ASSIGNED TASK:
With the pictures omitted, print exactly the lines below, from the one containing "Chinese Regular Script Painting - CNAG011961" through the one containing "LED電球 E26口金 4個セット フィラメント電球 調光 調色 LED電球", and nothing else.

DATA PROVIDED:
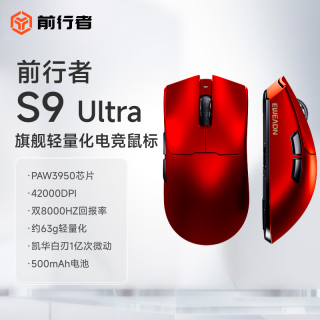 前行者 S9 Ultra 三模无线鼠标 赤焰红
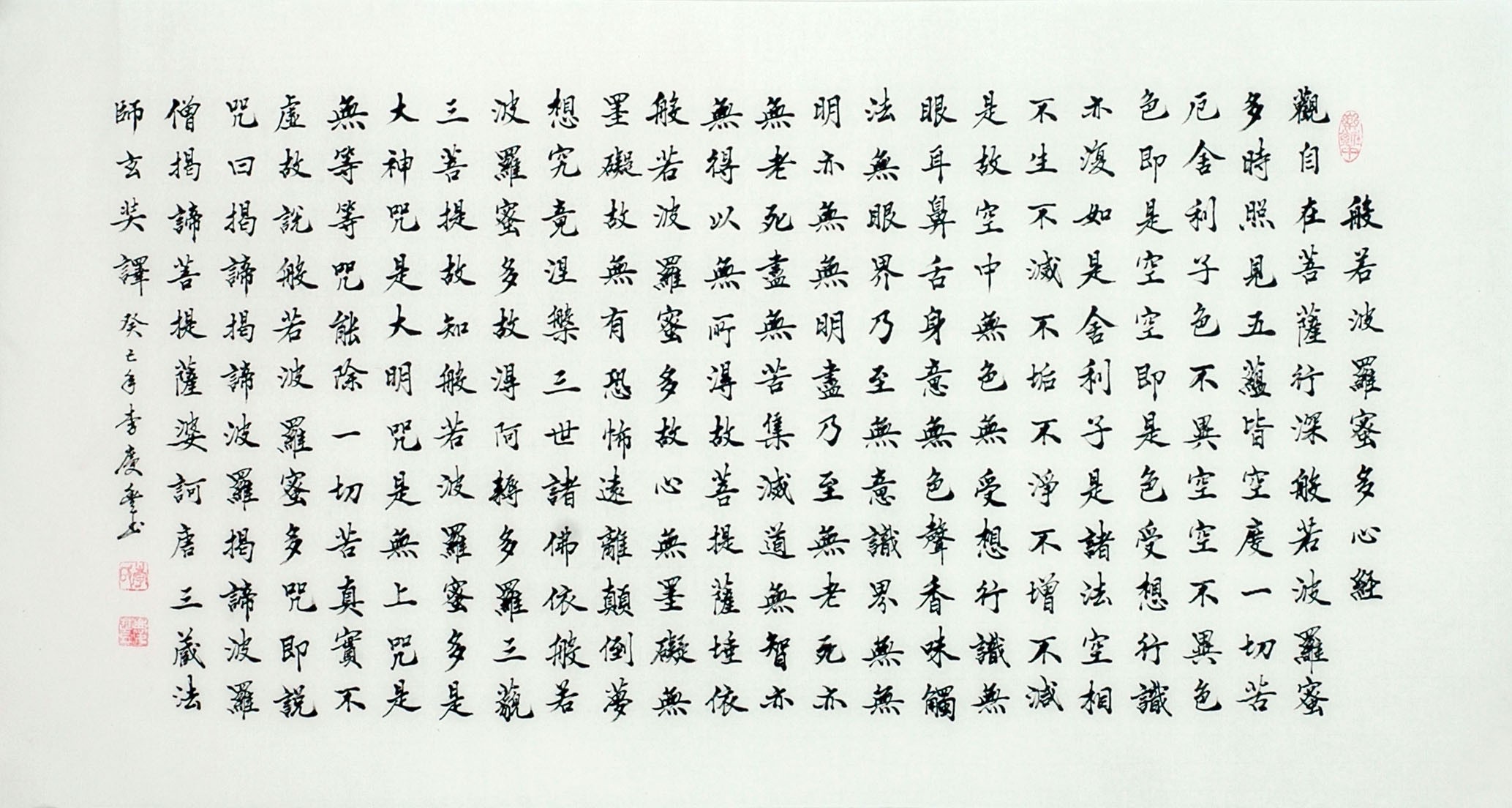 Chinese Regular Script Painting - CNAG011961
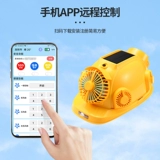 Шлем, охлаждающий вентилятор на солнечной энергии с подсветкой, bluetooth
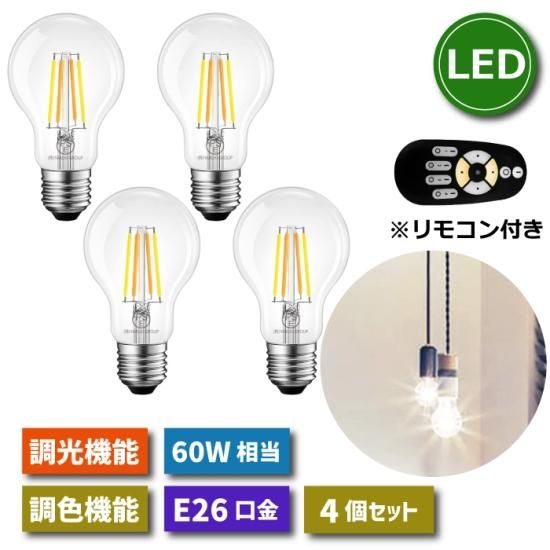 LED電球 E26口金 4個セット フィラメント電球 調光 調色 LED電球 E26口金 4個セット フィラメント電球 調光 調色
...
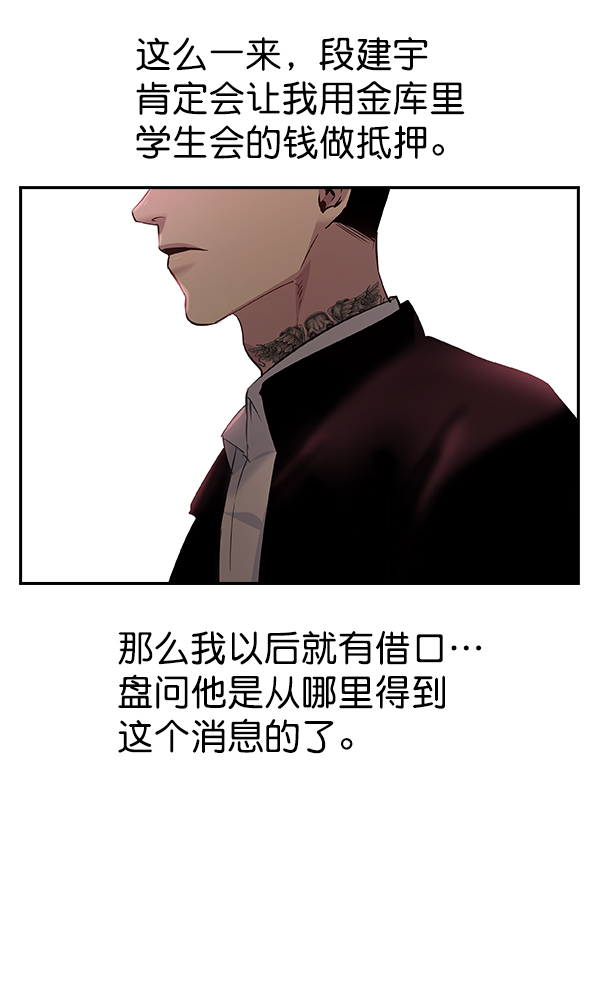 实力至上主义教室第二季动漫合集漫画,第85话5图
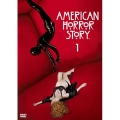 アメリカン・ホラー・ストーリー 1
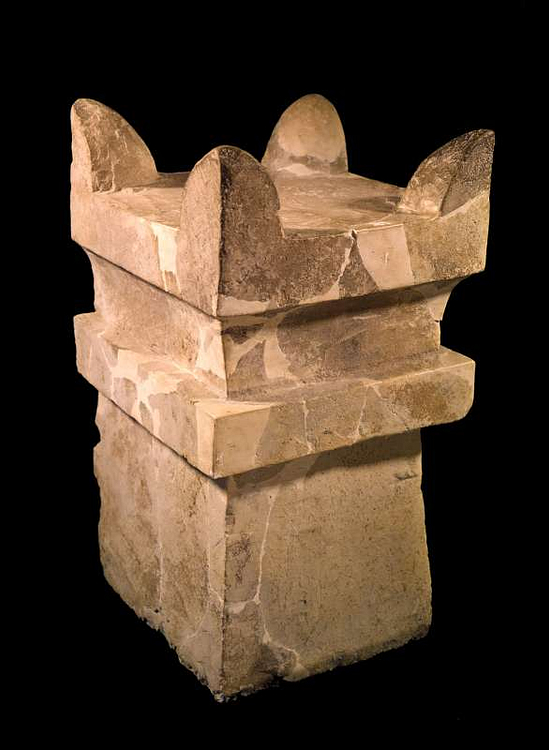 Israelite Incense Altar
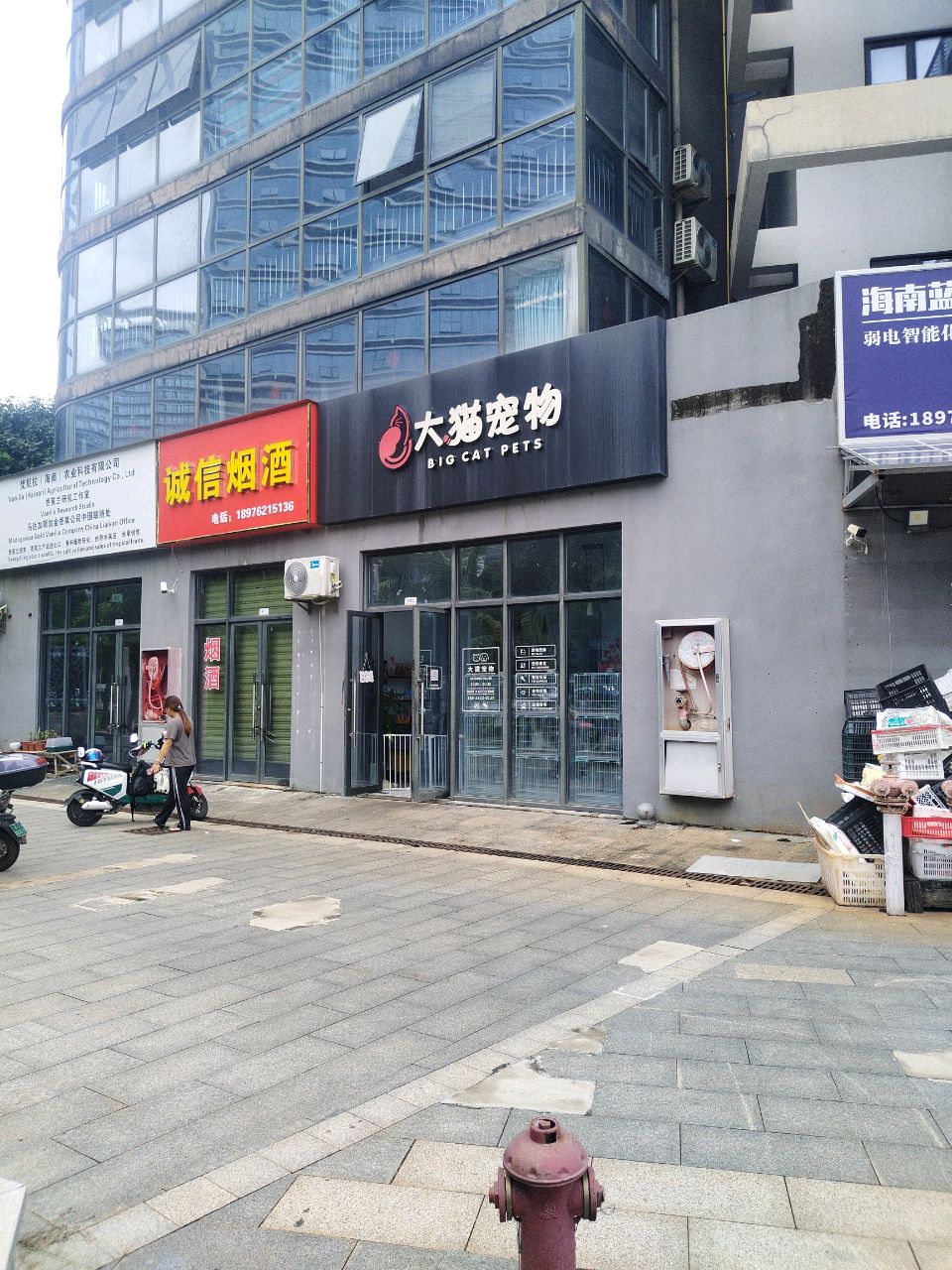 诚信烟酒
...
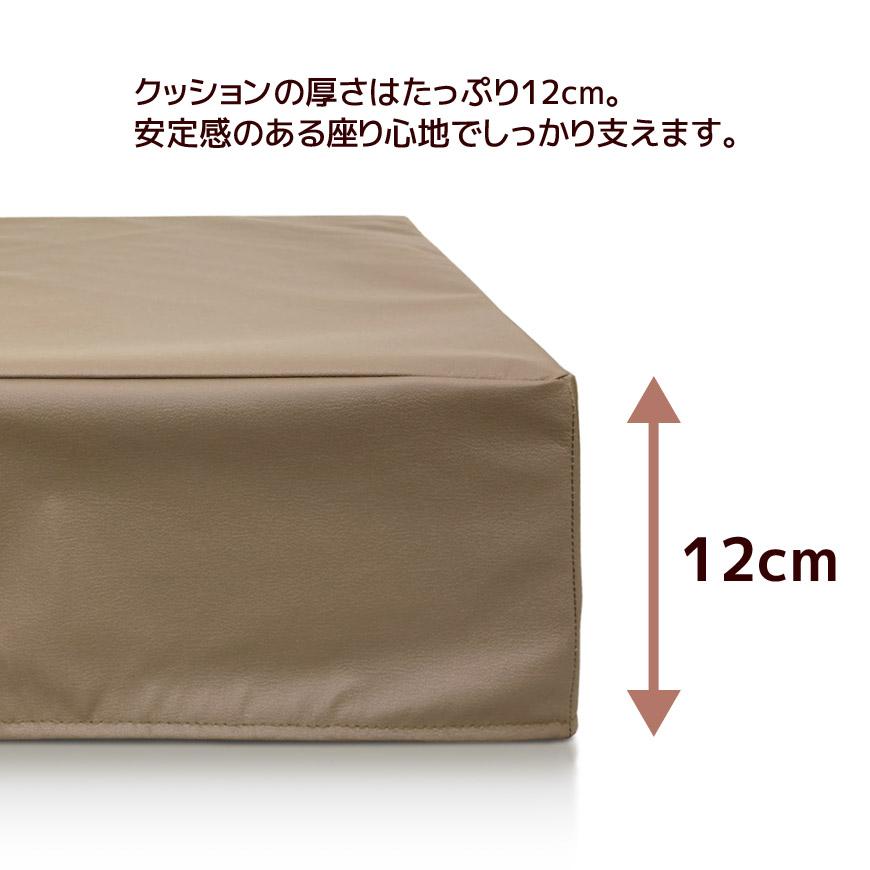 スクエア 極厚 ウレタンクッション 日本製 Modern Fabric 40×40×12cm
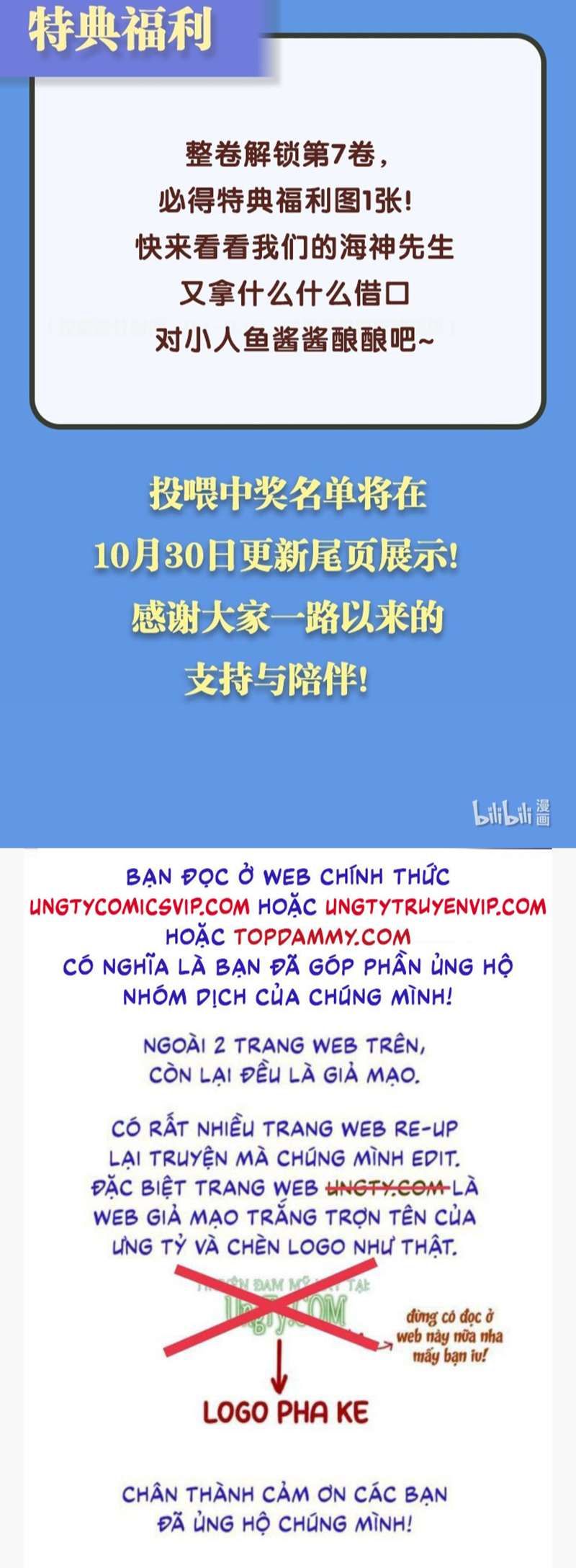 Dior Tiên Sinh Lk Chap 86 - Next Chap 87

SOLUTION FOR THIS EXERCISE:
 Chinese Regular Script Painting - CNAG011961
 Шлем, охлаждающий вентилятор на солнечной энергии с подсветкой, bluetooth
 LED電球 E26口金 4個セット フィラメント電球 調光 調色 LED電球 E26口金 4個セット フィラメント電球 調光 調色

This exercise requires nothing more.